- Opening Delimiter -

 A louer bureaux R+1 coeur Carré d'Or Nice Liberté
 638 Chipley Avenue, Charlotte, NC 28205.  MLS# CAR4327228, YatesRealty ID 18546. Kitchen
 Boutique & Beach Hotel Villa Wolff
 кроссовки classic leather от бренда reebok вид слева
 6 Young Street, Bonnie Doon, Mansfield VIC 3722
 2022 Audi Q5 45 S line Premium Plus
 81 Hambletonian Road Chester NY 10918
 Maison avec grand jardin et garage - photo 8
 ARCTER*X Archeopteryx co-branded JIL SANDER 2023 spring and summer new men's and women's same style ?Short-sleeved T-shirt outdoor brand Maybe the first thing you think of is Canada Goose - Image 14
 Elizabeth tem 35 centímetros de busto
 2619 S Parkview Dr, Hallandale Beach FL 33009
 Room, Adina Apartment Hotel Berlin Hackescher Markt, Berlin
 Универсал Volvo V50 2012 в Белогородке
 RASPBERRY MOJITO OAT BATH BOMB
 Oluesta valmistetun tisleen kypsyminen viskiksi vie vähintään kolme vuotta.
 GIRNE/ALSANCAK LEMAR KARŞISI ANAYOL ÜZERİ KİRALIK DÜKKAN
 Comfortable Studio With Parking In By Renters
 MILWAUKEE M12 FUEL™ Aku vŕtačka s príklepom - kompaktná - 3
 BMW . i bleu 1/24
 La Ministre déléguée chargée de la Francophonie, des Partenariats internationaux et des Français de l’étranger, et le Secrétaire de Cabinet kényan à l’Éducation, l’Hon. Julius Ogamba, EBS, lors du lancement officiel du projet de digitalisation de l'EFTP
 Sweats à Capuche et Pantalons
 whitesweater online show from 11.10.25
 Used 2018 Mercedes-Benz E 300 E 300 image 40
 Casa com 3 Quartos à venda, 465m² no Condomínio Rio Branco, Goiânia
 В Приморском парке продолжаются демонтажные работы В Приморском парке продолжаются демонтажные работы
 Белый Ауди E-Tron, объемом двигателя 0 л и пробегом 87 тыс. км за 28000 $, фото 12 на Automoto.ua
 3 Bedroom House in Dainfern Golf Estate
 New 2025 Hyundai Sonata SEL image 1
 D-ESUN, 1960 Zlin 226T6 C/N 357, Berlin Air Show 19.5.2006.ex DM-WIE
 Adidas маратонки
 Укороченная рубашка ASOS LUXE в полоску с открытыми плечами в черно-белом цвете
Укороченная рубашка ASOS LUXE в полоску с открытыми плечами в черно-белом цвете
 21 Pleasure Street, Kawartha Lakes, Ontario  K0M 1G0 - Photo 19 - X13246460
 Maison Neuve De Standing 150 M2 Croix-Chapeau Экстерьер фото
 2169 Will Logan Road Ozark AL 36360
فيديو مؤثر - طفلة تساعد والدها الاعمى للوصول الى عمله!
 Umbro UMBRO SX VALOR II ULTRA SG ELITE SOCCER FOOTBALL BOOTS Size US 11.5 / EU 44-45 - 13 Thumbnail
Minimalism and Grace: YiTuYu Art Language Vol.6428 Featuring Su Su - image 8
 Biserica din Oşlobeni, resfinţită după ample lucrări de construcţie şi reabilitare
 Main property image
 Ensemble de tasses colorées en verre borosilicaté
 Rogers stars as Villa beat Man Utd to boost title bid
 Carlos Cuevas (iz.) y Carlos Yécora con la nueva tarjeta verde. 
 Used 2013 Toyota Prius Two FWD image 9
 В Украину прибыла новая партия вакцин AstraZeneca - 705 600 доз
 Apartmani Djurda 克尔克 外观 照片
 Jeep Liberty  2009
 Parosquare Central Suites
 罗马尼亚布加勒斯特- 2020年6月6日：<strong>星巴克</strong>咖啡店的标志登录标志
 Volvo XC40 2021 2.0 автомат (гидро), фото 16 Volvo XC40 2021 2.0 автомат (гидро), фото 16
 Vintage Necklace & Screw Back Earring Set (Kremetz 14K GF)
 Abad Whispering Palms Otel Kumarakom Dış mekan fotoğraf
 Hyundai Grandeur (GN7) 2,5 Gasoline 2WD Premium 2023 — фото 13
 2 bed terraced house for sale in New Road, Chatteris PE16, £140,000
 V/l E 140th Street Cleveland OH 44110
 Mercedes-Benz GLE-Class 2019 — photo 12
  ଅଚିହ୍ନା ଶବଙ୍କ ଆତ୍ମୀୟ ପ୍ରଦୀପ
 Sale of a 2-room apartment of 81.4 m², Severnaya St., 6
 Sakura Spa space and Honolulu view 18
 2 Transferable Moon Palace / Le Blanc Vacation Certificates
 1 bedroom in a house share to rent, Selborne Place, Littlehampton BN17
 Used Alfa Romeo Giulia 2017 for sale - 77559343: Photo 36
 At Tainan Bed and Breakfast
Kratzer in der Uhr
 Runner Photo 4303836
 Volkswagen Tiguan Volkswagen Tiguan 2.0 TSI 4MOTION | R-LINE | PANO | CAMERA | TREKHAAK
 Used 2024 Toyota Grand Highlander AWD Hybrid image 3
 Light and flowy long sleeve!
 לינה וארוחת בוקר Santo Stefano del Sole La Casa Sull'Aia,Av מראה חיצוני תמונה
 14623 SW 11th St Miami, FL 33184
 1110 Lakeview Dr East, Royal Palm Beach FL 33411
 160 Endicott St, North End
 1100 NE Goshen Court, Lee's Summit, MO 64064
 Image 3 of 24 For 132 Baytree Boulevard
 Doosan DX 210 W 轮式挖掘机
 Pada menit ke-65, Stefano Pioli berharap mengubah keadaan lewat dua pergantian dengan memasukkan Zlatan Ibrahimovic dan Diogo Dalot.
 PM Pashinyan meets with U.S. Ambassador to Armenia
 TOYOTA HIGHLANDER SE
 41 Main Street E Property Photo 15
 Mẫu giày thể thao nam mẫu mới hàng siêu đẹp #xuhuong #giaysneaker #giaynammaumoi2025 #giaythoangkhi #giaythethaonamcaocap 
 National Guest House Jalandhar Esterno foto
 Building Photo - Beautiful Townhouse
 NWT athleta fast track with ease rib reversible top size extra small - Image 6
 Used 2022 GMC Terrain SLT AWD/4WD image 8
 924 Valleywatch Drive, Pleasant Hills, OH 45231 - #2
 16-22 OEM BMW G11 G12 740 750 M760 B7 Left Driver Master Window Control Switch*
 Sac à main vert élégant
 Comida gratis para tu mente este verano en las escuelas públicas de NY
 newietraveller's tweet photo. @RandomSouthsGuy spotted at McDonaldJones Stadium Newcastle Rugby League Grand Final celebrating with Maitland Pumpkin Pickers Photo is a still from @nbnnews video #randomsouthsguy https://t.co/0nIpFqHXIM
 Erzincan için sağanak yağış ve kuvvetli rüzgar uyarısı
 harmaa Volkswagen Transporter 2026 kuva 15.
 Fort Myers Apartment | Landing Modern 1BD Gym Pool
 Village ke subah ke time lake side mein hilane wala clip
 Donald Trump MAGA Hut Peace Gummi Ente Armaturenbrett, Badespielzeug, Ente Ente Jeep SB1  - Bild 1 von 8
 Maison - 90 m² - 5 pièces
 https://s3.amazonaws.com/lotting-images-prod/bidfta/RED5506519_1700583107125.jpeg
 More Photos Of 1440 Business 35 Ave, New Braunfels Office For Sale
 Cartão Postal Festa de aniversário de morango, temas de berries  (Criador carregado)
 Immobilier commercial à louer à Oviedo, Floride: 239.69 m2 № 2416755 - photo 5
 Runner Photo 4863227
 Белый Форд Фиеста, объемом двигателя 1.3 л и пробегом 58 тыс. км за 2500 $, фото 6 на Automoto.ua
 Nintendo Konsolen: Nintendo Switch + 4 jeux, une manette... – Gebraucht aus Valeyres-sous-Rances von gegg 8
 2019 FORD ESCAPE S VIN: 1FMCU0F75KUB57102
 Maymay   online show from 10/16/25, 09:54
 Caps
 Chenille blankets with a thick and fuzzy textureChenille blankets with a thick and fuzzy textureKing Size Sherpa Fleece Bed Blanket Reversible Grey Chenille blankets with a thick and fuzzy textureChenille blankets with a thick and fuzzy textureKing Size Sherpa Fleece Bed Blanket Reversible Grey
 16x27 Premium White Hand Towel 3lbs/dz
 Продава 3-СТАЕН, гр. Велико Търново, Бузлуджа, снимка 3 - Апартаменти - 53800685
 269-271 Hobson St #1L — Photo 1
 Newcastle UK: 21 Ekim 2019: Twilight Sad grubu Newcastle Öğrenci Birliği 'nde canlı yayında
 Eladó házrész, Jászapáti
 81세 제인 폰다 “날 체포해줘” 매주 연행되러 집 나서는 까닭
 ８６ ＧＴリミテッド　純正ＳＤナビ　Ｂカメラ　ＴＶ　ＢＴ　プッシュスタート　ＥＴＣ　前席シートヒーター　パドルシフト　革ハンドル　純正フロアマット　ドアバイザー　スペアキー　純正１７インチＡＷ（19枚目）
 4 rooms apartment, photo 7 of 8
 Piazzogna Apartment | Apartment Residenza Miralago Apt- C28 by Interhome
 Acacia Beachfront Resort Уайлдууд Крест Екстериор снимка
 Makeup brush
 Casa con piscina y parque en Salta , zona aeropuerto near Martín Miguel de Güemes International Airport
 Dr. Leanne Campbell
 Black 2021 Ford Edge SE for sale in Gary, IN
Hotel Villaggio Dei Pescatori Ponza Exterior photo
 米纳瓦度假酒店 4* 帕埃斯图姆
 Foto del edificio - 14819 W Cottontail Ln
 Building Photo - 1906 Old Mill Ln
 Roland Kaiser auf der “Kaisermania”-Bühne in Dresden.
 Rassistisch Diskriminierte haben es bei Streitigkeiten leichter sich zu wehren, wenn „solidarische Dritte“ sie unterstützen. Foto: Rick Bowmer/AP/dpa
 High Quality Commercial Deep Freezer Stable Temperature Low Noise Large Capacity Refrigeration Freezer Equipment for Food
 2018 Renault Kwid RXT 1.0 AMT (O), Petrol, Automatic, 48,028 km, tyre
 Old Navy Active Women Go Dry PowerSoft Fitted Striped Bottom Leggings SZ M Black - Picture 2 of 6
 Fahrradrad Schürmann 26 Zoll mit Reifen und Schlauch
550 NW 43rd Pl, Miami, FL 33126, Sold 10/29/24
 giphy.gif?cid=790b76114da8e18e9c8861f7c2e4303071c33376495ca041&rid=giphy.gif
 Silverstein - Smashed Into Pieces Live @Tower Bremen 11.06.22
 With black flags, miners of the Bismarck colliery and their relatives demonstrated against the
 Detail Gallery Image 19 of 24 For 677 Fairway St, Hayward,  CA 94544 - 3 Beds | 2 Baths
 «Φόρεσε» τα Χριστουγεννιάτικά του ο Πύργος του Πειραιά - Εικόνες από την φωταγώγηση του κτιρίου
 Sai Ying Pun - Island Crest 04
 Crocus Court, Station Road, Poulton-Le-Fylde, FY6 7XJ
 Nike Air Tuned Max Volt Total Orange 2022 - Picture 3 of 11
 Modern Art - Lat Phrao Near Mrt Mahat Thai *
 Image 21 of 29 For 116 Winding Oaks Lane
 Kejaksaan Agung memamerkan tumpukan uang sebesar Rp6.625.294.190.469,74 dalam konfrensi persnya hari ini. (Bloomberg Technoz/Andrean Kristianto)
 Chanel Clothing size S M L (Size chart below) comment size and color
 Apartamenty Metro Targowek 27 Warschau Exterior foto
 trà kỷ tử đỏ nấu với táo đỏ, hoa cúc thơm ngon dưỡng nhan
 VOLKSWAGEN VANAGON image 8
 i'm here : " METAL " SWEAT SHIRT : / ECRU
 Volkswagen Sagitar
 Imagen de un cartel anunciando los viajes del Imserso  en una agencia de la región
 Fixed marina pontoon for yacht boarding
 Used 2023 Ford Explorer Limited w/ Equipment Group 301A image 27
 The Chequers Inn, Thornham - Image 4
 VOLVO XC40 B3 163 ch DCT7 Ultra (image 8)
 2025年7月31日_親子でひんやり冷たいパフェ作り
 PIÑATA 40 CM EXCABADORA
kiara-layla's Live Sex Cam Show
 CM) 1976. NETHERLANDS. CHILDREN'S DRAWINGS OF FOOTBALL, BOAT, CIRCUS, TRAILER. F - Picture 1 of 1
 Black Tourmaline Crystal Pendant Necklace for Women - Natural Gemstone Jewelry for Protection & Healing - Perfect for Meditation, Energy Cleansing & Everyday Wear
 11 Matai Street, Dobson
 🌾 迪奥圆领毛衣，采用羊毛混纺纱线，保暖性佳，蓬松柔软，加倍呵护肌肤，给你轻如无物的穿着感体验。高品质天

- Closing Delimiter -

## [Aim of the task]
Search the records for the word "Equipment". Copy every line that has it.

## [Answer for the task]
 High Quality Commercial Deep Freezer Stable Temperature Low Noise Large Capacity Refrigeration Freezer Equipment for Food
 Used 2023 Ford Explorer Limited w/ Equipment Group 301A image 27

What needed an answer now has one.